Assignment → Write out exactly the line containing "Horse Color:Gray Chestnut" along with each line that follows it in the records below, and no others.

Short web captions
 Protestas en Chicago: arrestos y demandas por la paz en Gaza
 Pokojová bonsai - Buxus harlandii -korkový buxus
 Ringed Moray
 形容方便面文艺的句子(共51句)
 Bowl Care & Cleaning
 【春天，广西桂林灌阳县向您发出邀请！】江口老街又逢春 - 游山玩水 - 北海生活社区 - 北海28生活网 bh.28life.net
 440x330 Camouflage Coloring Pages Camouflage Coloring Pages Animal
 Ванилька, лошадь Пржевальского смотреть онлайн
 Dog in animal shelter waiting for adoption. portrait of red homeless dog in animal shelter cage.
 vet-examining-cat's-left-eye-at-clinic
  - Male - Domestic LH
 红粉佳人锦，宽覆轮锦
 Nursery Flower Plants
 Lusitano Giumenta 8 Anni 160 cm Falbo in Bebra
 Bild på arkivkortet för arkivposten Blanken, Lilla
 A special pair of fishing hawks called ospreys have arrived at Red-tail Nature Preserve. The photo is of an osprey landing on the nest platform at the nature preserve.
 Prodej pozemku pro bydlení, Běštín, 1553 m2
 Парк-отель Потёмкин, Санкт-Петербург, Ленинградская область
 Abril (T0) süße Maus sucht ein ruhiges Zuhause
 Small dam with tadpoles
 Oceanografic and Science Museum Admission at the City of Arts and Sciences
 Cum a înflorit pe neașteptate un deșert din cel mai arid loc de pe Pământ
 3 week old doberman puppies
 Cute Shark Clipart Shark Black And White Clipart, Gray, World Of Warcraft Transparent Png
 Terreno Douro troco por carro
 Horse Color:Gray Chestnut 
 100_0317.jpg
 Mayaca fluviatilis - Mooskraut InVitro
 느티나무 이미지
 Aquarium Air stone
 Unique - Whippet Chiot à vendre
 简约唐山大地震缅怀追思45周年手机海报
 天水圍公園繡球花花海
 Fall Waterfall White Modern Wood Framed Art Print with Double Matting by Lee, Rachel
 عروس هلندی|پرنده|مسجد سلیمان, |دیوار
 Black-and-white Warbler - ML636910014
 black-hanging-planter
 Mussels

Exercise answer →
 Horse Color:Gray Chestnut 
 100_0317.jpg
 Mayaca fluviatilis - Mooskraut InVitro
 느티나무 이미지
 Aquarium Air stone
 Unique - Whippet Chiot à vendre
 简约唐山大地震缅怀追思45周年手机海报
 天水圍公園繡球花花海
 Fall Waterfall White Modern Wood Framed Art Print with Double Matting by Lee, Rachel
 عروس هلندی|پرنده|مسجد سلیمان, |دیوار
 Black-and-white Warbler - ML636910014
 black-hanging-planter
 Mussels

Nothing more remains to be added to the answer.